To date there appears to be no special provision for bilingual education.



2.1.2.2 The Structure of the Programmes
Training programmes for primary teachers typically take four years to complete. So do programmes for lower-secondary (i.e. Grade-2) teachers. The main difference between the two kinds of programme is the wide range of subjects in the primary programme vis-à-vis the single subject of the Grade-2 programme. It will be clear though that the level of the subjects studied varies according to whether one is training for a primary or Grade-2 qualification. In both programmes assessment is by coursework and examination.

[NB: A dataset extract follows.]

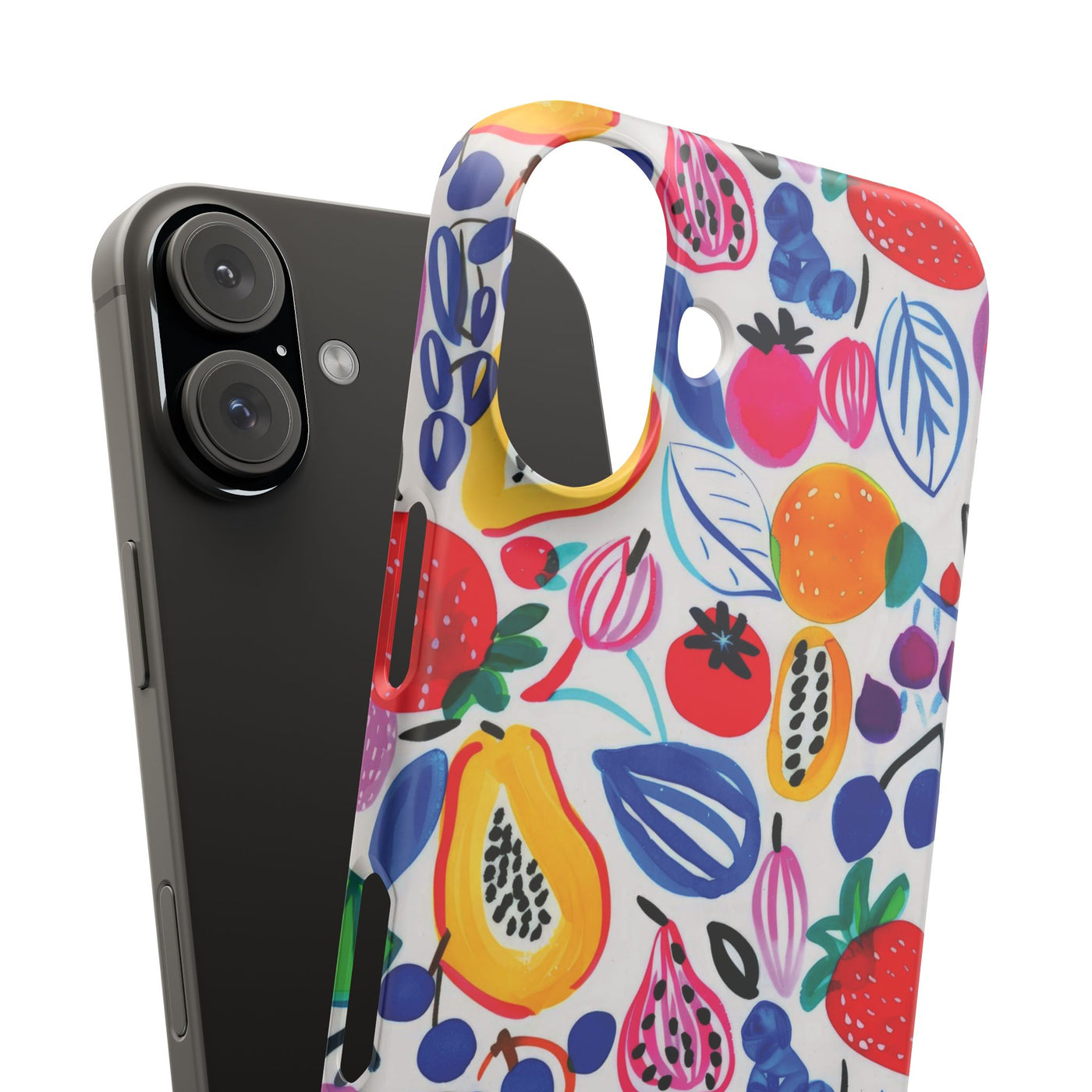 Snap Summer Fruit Gift for Her Cute Phone Cases for Samsung Galaxy S24, S23, S22, S21, S20, Plus, Ultra, Iphone 16, 15, 14, Pro and Max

2.1.2.3 Practical Training
As was already observed in passing (see 2.1.2.2) teaching practice in the primary teacher training curriculum is interwoven with the programme as a whole. Consequently, all courses taught in the primary programme involve the student teacher in direct classroom practice (totting up to 1,400 hrs), whereas teaching practice in the Grade-2 programme is usually spread over the last two years of the curriculum. The actual time spent in school in the Grade-2 programme may add up to 840 hrs. Trainees are from 50 to 80 per cent responsible for the classes taught.

To obtain their qualification, trainees in both programmes require a pass for classroom observation as well as teaching practice. Teaching practice is normally supervised by an in-school mentor and/or a visiting staff member.

As in the Grade-1 teacher education programme, the in-school mentor has an important say if not a casting vote in the assessment of the student teacher's practical performance.

2.1.2.4 Impact of EU Programmes
Out of a total of 118 approved ICP's fewer than half share a Dutch participant, for the most part in the areas of primary education and teacher education. The most active Dutch participants are to be found among the Colleges of Higher Education and Polytechnics (Zwarts 1996:235). Of the colleges for the training of primary teachers fifty per cent have built internationalisation into their curricula (Vroegop 1996:8).

Just as NUFFIC promotes and co-ordinates action in the area of internationalisation at university level, so The European Platform for Dutch Education operationalises and implements policies with regard to primary, secondary, and teacher education.


2.2. In-Service Teacher Training (INSET)
INSET and school support are mainly provided by the Universities and Colleges of Higher Education and by the Denominational and Regional/Local Educational Support Centres. The Dutch Modern Language Association (Levende Talen) also plays a part in the professional development of language teachers, often in conjunction with a University or a College of Higher Education. At the moment of writing Dutch schools are obliged to spend 80 per cent of the money earmarked for INSET on teacher development schemes laid on by the Colleges of Higher Education. In the near future however schools will be free to obtain teacher development programmes wherever they can get them. INSET and school support are increasingly becoming market-driven, as the national budget available for professional and school development is being devolved to the schools. As a result the distinction between INSET and other support activities is increasingly becoming blurred. The Colleges of Higher Education collaborate at regional level and this collaboration is currently being expanded to include the national (i.e. denominational) and regional/local support centres/units. There is no formal obligation for teachers to participate in INSET activities. (Vroegop, 1996:9).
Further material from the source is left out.